KeepIt course module 1, Southampton, 19 January 2010
Tools this module: DAF, AIDA
Tags Find out more about: this module KeepIt course 1, the full KeepIt course
Presentation referred to in this blog entry The AIDA toolkit: Assessing Institutional Digital Assets (Slideshare)
Presentations and tutorial exercises course 1 (source files)
Steve Hitchcock has organised a series of modules on Digital preservation tools for repository managers, and I was invited from ULCC to present something on Assessing Institutional Digital Assets (AIDA) at the very first module, on 19th January.

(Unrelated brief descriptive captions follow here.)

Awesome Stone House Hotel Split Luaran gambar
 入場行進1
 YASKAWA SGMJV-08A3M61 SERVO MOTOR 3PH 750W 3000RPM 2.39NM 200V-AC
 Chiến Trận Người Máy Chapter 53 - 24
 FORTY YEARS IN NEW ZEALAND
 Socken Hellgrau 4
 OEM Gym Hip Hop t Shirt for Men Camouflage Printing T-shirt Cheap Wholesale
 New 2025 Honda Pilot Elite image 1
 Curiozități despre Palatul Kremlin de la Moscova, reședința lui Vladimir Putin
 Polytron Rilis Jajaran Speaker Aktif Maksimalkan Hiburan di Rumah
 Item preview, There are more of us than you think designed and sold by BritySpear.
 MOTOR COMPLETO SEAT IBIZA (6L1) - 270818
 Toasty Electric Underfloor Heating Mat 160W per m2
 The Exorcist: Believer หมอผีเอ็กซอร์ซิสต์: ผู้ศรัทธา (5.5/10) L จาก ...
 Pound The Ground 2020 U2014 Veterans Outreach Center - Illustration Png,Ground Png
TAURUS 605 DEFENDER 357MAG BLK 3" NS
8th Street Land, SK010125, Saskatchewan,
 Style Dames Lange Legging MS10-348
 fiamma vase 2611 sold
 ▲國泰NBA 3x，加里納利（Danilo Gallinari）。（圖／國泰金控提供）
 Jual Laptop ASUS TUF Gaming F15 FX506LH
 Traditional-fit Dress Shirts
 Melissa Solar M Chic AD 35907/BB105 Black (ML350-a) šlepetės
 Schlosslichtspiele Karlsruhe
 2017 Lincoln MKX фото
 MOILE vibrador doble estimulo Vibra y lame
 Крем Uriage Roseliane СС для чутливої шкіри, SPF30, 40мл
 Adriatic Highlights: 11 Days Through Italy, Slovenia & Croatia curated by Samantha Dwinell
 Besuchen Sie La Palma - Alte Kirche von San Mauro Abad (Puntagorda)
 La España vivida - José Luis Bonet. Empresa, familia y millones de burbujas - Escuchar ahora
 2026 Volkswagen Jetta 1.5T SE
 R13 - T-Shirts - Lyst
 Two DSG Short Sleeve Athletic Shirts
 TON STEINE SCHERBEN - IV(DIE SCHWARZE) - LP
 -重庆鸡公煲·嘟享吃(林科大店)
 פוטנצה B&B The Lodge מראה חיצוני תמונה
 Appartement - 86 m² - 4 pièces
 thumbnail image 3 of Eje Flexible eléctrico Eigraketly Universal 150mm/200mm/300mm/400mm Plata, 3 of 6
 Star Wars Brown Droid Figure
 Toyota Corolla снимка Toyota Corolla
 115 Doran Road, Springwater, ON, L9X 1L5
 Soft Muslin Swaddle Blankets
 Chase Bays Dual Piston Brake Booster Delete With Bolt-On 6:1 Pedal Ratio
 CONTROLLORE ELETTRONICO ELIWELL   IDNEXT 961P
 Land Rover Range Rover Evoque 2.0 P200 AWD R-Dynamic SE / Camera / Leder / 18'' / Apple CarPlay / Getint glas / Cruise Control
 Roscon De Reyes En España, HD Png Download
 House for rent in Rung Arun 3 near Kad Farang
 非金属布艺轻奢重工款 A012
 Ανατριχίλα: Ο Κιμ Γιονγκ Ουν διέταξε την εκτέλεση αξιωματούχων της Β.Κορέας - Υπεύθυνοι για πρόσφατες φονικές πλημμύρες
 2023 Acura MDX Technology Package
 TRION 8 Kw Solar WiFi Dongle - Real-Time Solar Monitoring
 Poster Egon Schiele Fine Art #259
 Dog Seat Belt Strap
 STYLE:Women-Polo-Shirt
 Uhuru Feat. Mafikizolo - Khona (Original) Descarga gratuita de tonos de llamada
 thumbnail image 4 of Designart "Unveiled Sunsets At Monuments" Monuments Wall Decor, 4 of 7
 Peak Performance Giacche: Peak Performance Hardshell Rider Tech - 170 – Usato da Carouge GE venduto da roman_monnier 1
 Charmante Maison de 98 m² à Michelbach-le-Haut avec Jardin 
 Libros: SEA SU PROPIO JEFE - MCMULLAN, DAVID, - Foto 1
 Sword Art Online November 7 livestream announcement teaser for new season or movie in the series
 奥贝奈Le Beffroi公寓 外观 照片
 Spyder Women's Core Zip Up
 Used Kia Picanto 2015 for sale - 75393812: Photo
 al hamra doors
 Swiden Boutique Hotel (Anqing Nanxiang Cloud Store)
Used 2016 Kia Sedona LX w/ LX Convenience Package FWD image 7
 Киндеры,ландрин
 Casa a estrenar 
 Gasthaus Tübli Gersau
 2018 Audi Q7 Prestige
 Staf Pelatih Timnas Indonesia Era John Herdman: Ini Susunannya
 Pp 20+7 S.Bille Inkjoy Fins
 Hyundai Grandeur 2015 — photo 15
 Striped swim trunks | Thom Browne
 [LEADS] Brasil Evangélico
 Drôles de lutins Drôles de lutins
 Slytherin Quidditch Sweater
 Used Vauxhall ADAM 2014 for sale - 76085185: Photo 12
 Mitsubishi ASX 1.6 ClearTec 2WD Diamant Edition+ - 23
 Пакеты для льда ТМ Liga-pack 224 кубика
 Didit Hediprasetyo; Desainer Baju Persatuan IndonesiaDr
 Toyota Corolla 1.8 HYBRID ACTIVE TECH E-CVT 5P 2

It was very good to meet with such a warm reception from the intelligent and lively audience, many of whom were repository managers themselves, or involved with building and developing repositories. It was clear from the start they were all very engaged with the work, and understood the issues well.
I thought it would be interesting to set them an exercise that explored two data-management activities within the AIDA toolkit, namely ‘Metadata Management’ and ‘Access and Sharing’. The AIDA self-assessment toolkit is intended simply to offer a snapshot of an Institution’s readiness to carry out management of its digital assets, assessing that capability across three ‘legs’ – Organisation, Technology and Resources – while applying the assessment at the level of the entire Institution, and of a single repository. AIDA’s proposition is simple – the assessment will almost always result in a wobbly three-legged stool, quite often showing that the technology leg is the most advanced of the three. Steve pointed out that a result like this need not surprise us, and this is especially true given the advances being made with a tool such as eprints.
Concentrating on two activities from the larger and more complex AIDA framework was instructional – for me as well, as the manager who must put work into the toolkit to improve it. Two ambiguities in the metadata strand were exposed by the keen minds of the Southampton audience; did AIDA refer to discovery metadata, technological metadata, or preservation metadata? More importantly, the written exemplars in AIDA seem to be making an assumption that automation of metadata is a commonly-desired goal, and that the results of automation are always good. But some repository owners were proud of the quality of their “hand-crafted” metadata.
However, in the closing minutes of the day, one team fed back to me on their discussions on the Access and Sharing strand. Their AIDA-based deliberations showed to them quite clearly that their test repository scored highly in the organisational leg (managed shared storage, centralised management, and agreements about cross-department sharing) and the technological leg (technological capacity and an appropriate infrastructure to support those policies, and how well the strategies are aligned), but there was an imbalance in the resources leg, and resources allocated to technological development were not quite at the correct level to match the strategies and policies. This isn’t simply a matter of lacking the money and staff (who doesn’t!?), but a simple graphic demonstration of where the stool is wobbliest, through findings which can be backed up through the provision of documented evidence, and one which might enable the repository to take steps to achieve stability on all three legs. Many heads in the room nodded instantly as they recognised themselves, and one comment was “I think we could say a lot of repositories fit that model”. A result like that is pure gold to me as the AIDA owner.